■ What you have to do ■
Give the data back exactly. Leave out any images.

Short descriptive text snippets
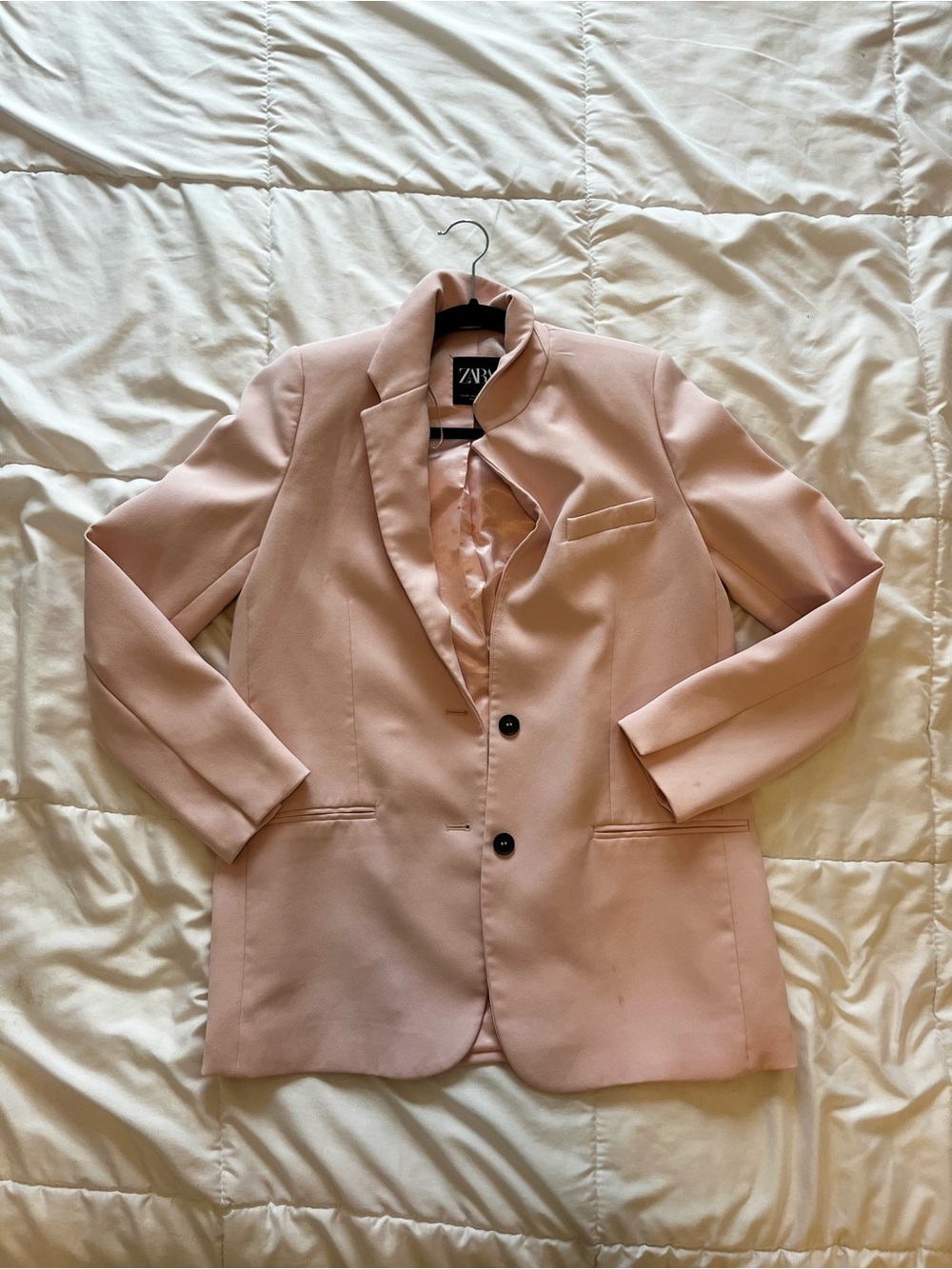 Zara Oversized Blush Pink Tailored Blazer | XS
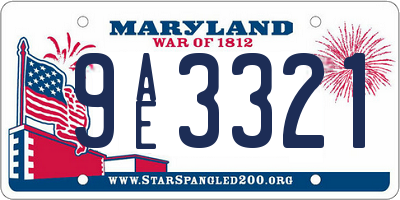 MD license plate 9AE3321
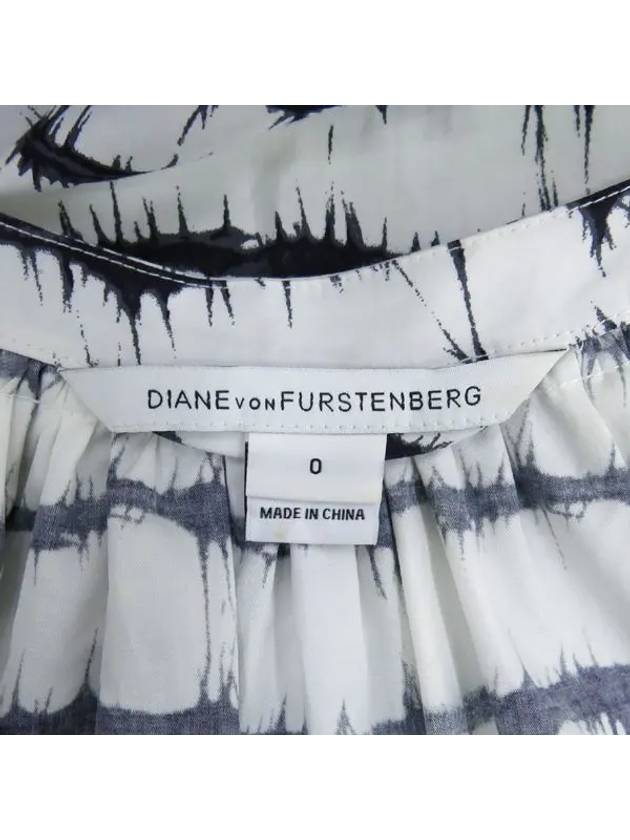 White color pattern striped dress with straps - DIANE VON FURSTENBERG - BALAAN 6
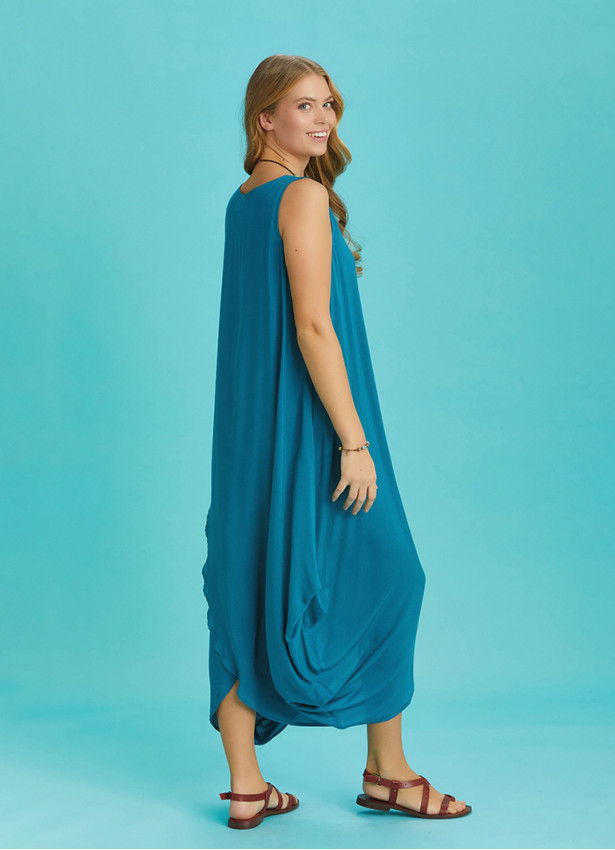 Sleeveless Front Layered Blue Baggy Summer Dress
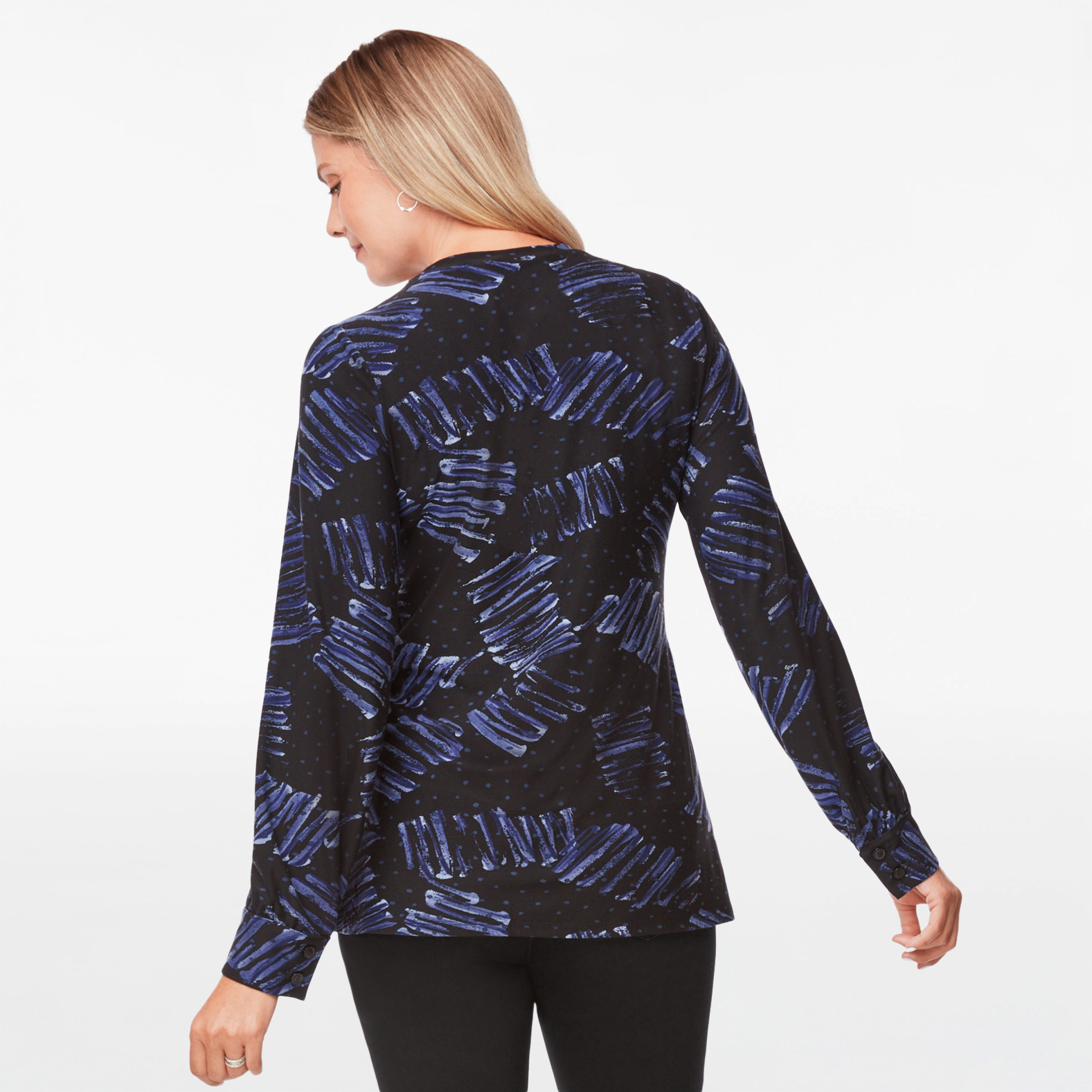 VNeck Knit Button Cuff Top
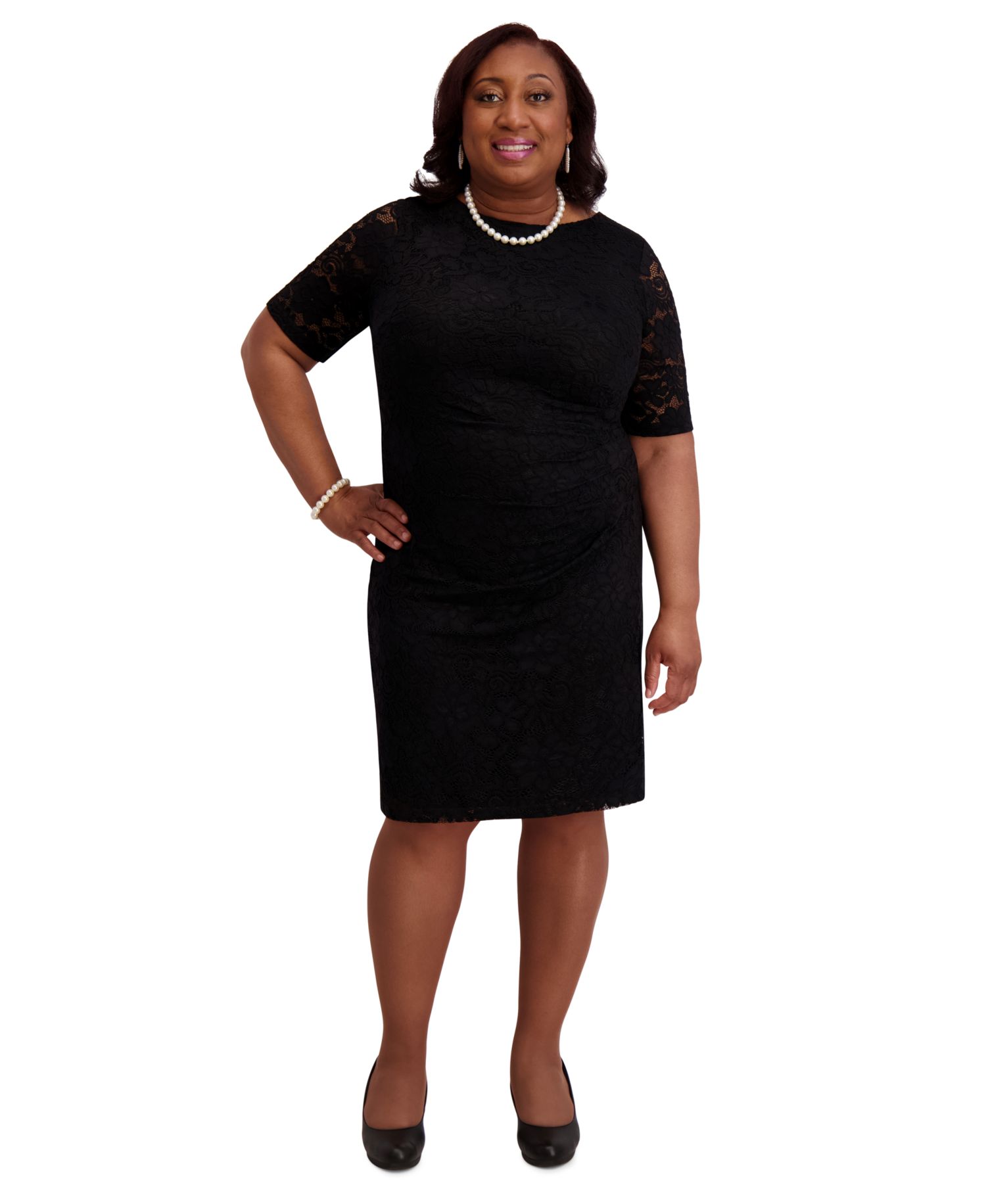 Women's Lace-Sleeve Sheath Dress, Regular & Plus Sizes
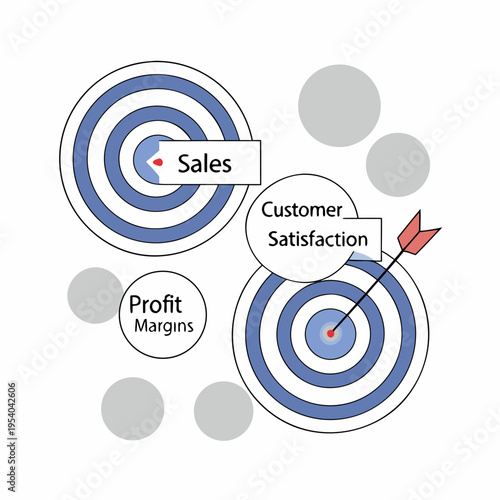 A vector graphic illustrating business targets with sales, customer satisfaction, and profit margins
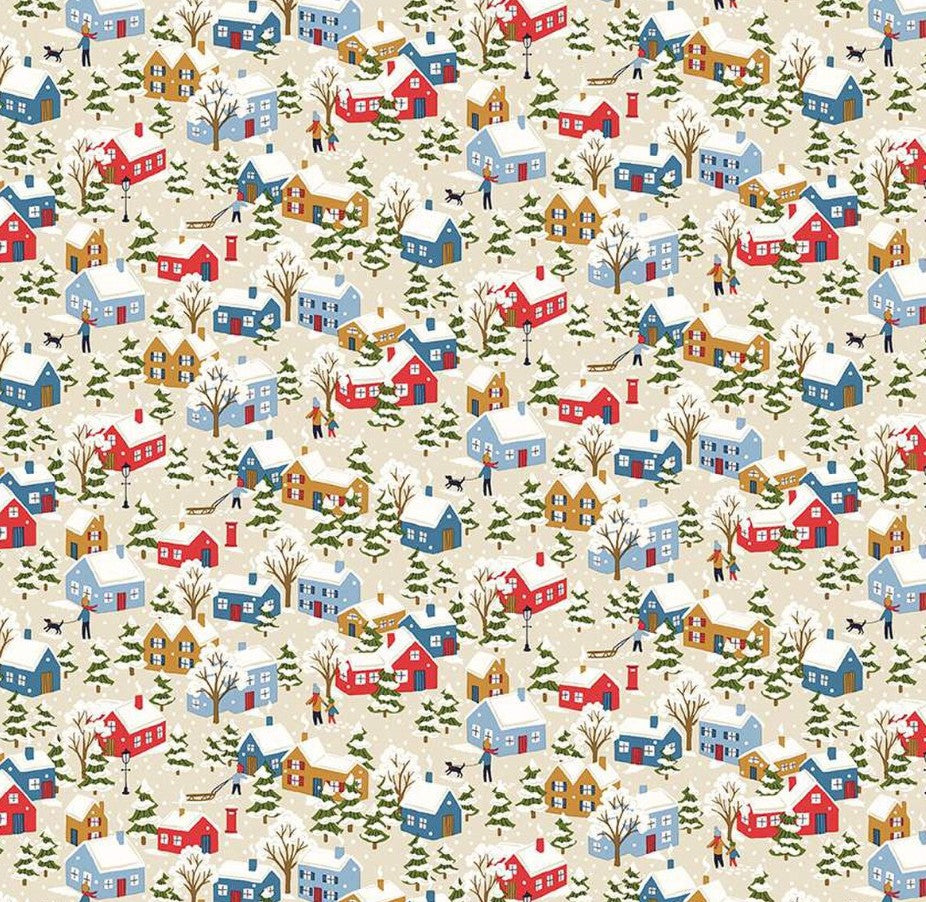 Beige Christmas fabric with illustrated winter village scene from Liberty Fabrics.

■ Result of the exercise ■
 Zara Oversized Blush Pink Tailored Blazer | XS
 MD license plate 9AE3321
 White color pattern striped dress with straps - DIANE VON FURSTENBERG - BALAAN 6
 Sleeveless Front Layered Blue Baggy Summer Dress
 VNeck Knit Button Cuff Top
 Women's Lace-Sleeve Sheath Dress, Regular & Plus Sizes
 A vector graphic illustrating business targets with sales, customer satisfaction, and profit margins
 Beige Christmas fabric with illustrated winter village scene from Liberty Fabrics.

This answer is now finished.